An open letter from Jewish women of color also supported the march. One of its signatories, Filipino-American Rabbi Mira Rivera of the Jewish Renewal, told Forward, “As a person of color and a Jewish person of color, I don’t have that luxury to say I’m going to take my toys and walk away. To be even included in the room has been a struggle.”
But if some have been concerned that Mallory’s focus has been too localized upon black women, at least one black feminist organization has criticized the Women’s March for not vocalizing its specific intentions for black women. Last August, the Black Women’s Blueprint published an open letter to the organization, urging them to engage in more coalition building and to “be present for the women across identities who still see no place in the Women’s March. We urge you to embody the intersectional feminism which continues to give Black women, LGBTQ+ and gender-fluid people at the margins the language to name our oppression.”

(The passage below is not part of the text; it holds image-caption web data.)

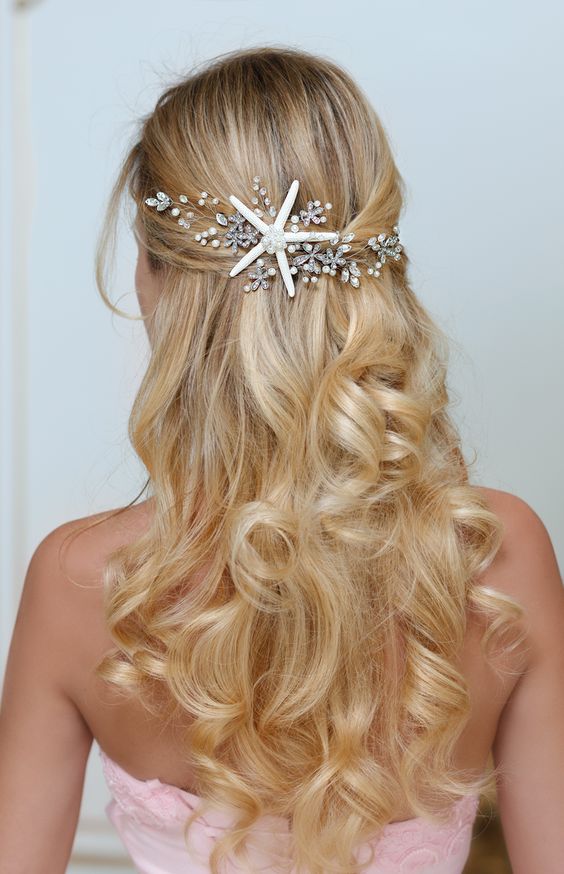 30+ Bridal Hairstyles for Perfect Big Day; Prom/hoco hair; Wedding updo hairstyles; Braid styles for long or medium length hair; Easy hairstyles for women.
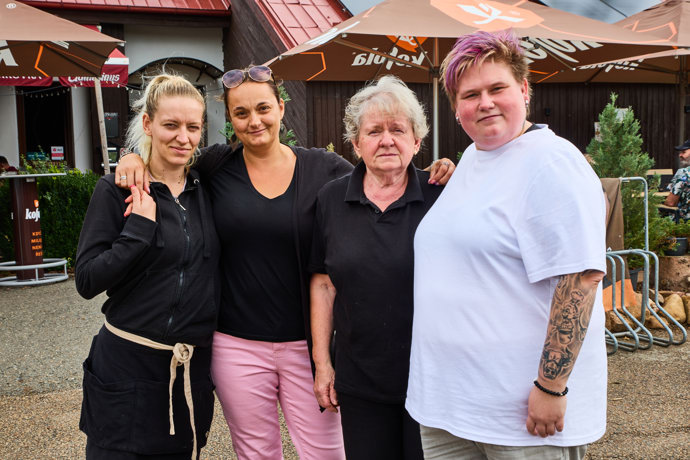FOTO: Ženy, které se starají o chod restaurace Hamrovka. – stránka 170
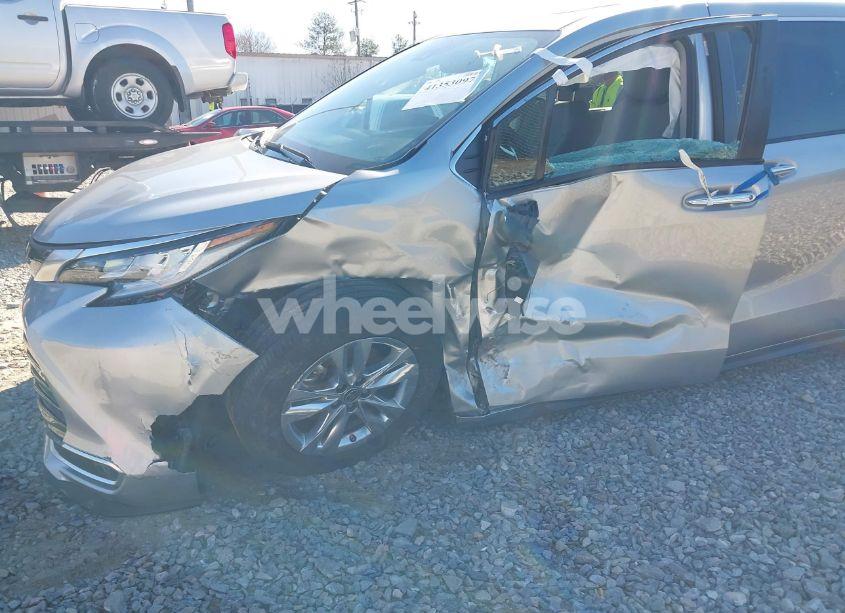 Photo 6 of 2022 Toyota Sienna LIMITED (VIN 5TDZRKECXNS136443)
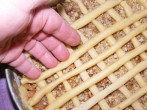 Rácsos almatorta - Ha sok a tészta, tömörítsd összébb a rácsokat, úgy több kifér!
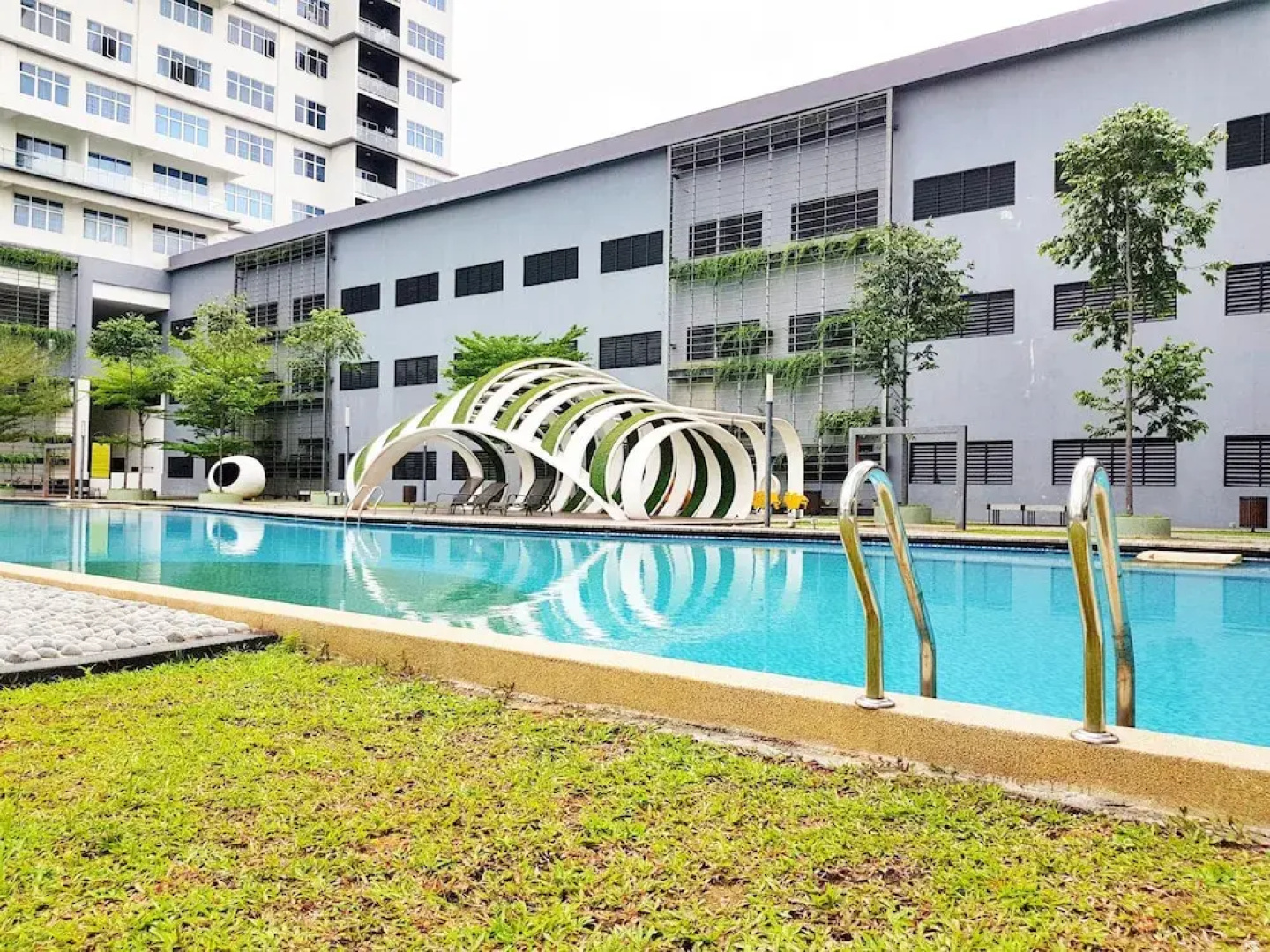 Teiw Family Homestay at Skypod Residence Puchong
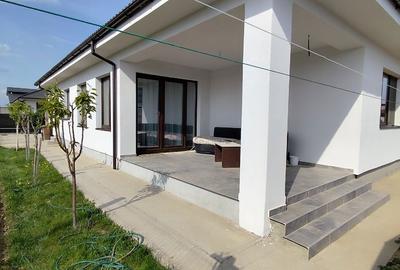 Casă cu 2 camere cu Teren 440 Mp în Nufărul - 5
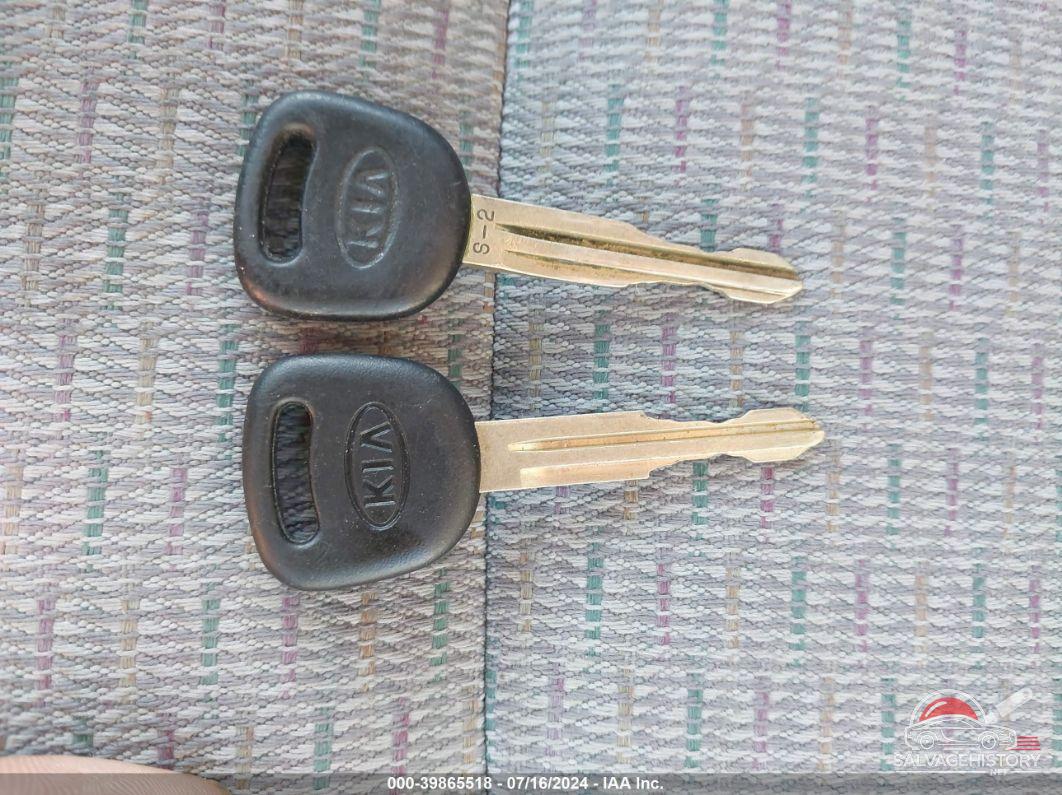 KNADC123026195374 2002 KIA RIO photo no. 11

By contrast, many well-known black female leaders and allies applaud the work of the march, in general, and Mallory’s leadership, in particular. Two days before the scheduled march, they launched an online petition that garnered hundred of signatures within hours. Supporters include Susan L. Taylor, Johnetta B. Cole, Michaela Angela Davis, Donna Brazile, Julianne Malveaux and Marc Morial.
On Friday, The Women’s March conducts Lobby Day on Capitol Hill to discuss its policy agenda with legislators. Mallory considers it an important part of the organization’s evolution. “We’ve spent a lot of time building infrastructure over the last two years. At the same time, being one of the most consistent resistance forces to go up against this administration,” she said. “So, we were holding both things; building some of the more institutional and foundational pieces, and then also dealing with the very immediate crisis of the current administration.”
On Saturday, marchers will gather at Freedom Plaza at 1455 Pennsylvania Ave. NW, Washington, D.C. The march kicks off at 10 a.m. at the corner of Pennsylvania Ave NW & 13th St N in Washington, D.C. and returns to Freedom Plaza at 1 p.m. for the rally, which is scheduled to end at 4 p.m.
“For women of color this has been a moment when we are forcing every conversation to begin with the needs of the most disenfranchised and we have seen white women working to become more responsive,” said Mallory. “I am proud of this because the movement will take all of us.”